The age of individual Big Trees, however imposing their life, should not be confused with the age of the Sequoia race. The Big Tree is descended from pine-like ancestors, and the Pine Family itself and its allies are very much older racially than the Redwood Family to which the Big Tree belongs. The morphology of the flowers and cones of a pine, not to speak of the presence of resin, indicate a family very much older than the Redwood Family. Measured in terms of history of life upon this earth, the species of Sequoia are recent; they are relatively modem compared with the pines, firs, and spruces, and their allies—indeed, they are the merest parvenues.

In another sense they have a highly dignified ancestry and represent a race of trees which were once more numerous upon the surface of the earth than at present. During the Miocene age of the Tertiary period many species of Sequoia were distributed over the northern hemisphere and perhaps also occurred in the southern hemisphere. At any rate the remains of Sequoia species have been observed in the rocks of Austria, France, England, western Asia, Spitzbergen, at the mouth of the Mackenzie River, British Columbia, Yellowstone Park, Oregon, and many other stations. They undoubtedly formed very extensive forests during the Miocene period. It is supposed that during one of the glacial ages all the species became extinct excepting the two which are now living in California, viz., the Big Tree of the Sierras (Sequoia gigantea) and the Redwood of the Californian Coast Ranges (Sequoia sempervirens).

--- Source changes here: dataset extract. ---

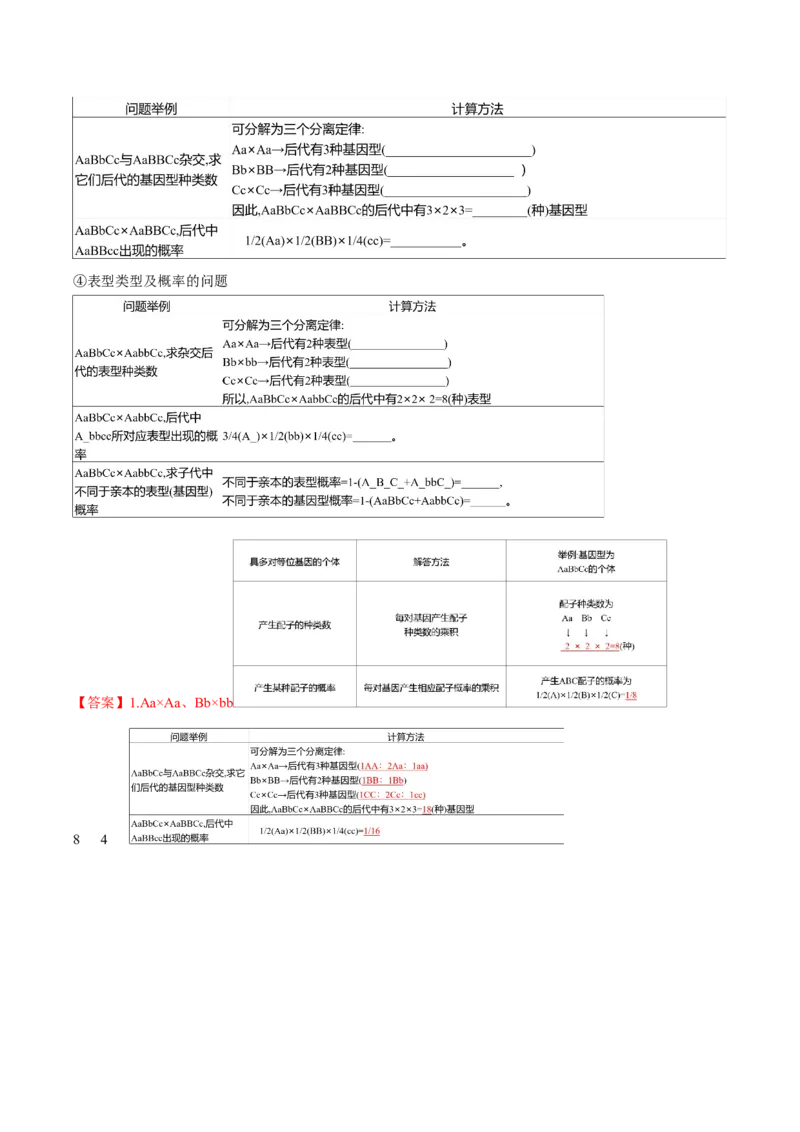 考点通关卷16基因的自由组合定律（解析版）_2025年新高考资料_一轮复习_2025年高考生物一轮复习考点通关卷（新高考通用）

Of these two species the Big Tree grows to a much more colossal size. It begins as a young tree with the pyramidal outline of an arbor-vitae, its trunk clothed with branches to the ground and its crown tapering to a cone-like apex. After it attains to the age of two or three hundred years it becomes a tree 75 to 125 feet high, and begins to prune its trunk of branches from the ground upwards. As it goes into the adult period, the crown continues to move upward and a clear shaft results which is 100 to 150 feet or more up to the first limb and clothed with a deeply furrowed fibrous red bark which is very non-inflammable.

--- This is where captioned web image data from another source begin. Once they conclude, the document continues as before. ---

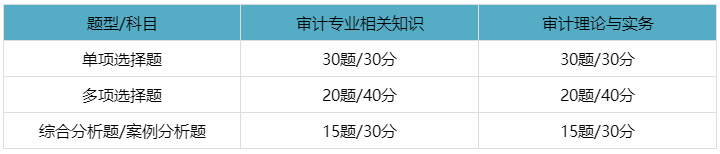 審計師考試題型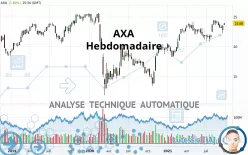 AXA - Settimanale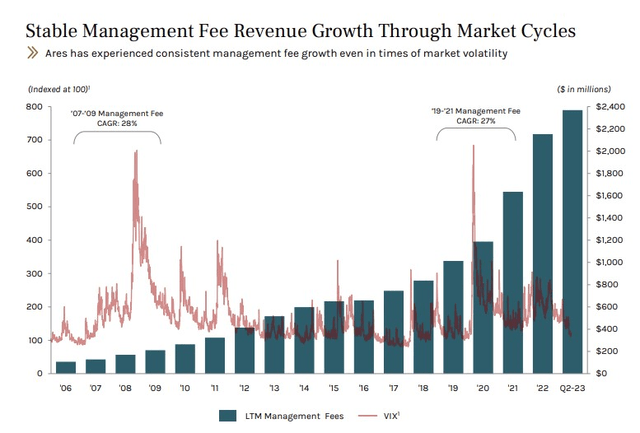 Stability in fees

The Sierran forest is typically a fire forest; that is to say, all the tree species have shown reaction in structure or life history to long continued fires which have undoubtedly run over California woodlands for many thousands of years and perhaps for a longer period. The trunks of the pines, firs, and cedars have become encased in exceedingly thickened bark which is undoubtedly a very effective protection to the vital cambium layer which lays between the bark and the wood and provides for the tree’s increase in thickness. The bark of these trees, on the other hand, contains more or less resin which increases the fire hazard.

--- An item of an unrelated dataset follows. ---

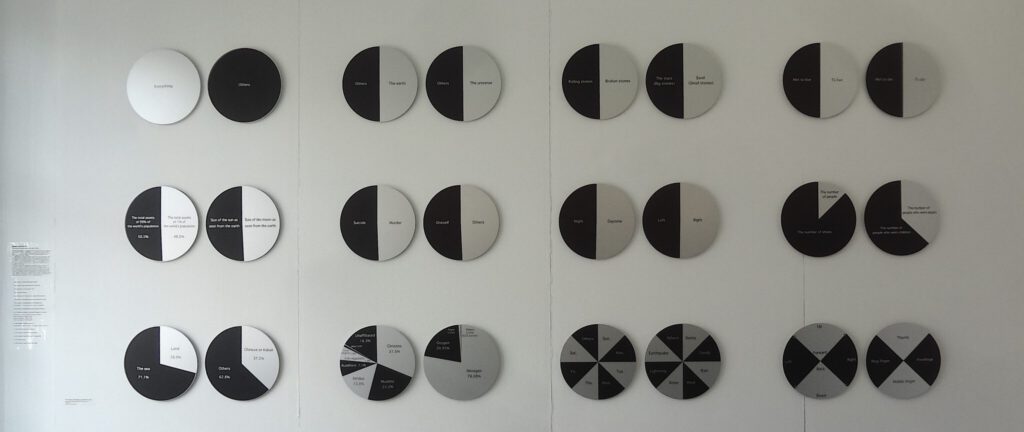 橋本聡 HASHIMOTO Satoshi Pie Charts Everything and Others 2014. Anodized Aluminium Printing, Aluminium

In the case of the Big Tree, however, there is practically no resin in the whole trunk. Resin is found not at all in the tree except in microscopic quantities in the first annual layer of wood, in the leaves, and in the staminate catkins. The bark is quite free from resin except for its possible occurrence in case of mutilation, and by its peculiar fibrous nature forms an almost asbestos-like covering to the trunk. This bark is a beautiful red-brown or cinnamon color six to twelve inches thick. It often attains a greater thickness, and bark two feet through is actually known. Fires burn through this heavy layer of bark very slowly, and it is only after repeated conflagrations that the Forest Fiend obtains entrance to the woody layers. Even then progress is slow because the wood is non-resinous and burns slowly. Nearly all mature trees or trees past maturity show signs of fire ravage, although in many cases the attack has been negligible.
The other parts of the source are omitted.